WHAT THE EXERCISE ASKS >> State, as one number, how many lines in these records hold "Casa".

Start of DATA FOR ANALYSIS

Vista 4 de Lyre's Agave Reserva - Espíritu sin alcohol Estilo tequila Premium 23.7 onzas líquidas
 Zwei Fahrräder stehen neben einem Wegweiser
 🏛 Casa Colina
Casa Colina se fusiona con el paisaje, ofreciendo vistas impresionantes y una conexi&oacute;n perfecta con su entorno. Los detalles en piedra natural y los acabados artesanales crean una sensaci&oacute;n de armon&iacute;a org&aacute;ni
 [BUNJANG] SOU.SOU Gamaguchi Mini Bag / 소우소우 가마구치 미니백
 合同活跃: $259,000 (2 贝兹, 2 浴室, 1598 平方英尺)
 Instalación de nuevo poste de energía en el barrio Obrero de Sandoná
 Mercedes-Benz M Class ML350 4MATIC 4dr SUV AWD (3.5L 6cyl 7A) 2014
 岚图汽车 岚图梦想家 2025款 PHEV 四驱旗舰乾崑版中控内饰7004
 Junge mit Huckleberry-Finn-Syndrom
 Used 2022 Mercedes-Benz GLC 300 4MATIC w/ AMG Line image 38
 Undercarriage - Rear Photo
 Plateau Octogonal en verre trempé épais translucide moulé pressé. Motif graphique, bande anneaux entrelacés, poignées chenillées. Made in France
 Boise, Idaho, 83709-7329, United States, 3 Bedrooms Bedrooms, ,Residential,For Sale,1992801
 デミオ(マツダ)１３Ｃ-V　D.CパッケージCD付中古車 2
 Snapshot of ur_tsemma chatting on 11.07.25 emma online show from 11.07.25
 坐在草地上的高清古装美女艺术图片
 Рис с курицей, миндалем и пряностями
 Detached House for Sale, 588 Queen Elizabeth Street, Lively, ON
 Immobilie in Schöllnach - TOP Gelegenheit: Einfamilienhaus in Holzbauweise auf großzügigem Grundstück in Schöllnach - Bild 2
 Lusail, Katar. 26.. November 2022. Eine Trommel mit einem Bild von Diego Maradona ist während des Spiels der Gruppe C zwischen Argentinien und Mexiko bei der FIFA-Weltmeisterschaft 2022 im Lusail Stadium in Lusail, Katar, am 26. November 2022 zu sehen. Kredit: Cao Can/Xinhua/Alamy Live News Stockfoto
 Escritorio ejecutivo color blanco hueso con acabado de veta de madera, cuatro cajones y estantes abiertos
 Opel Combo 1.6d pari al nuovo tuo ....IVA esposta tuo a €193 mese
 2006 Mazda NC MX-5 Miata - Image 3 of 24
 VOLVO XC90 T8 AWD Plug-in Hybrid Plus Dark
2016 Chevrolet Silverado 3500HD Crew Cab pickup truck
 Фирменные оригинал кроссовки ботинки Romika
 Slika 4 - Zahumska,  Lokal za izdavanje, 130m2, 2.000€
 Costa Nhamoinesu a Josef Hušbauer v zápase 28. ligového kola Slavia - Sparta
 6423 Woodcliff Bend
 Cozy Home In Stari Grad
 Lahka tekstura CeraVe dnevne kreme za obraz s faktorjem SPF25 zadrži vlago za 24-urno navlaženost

End of DATA FOR ANALYSIS

ANSWER FOR THIS EXERCISE >> 2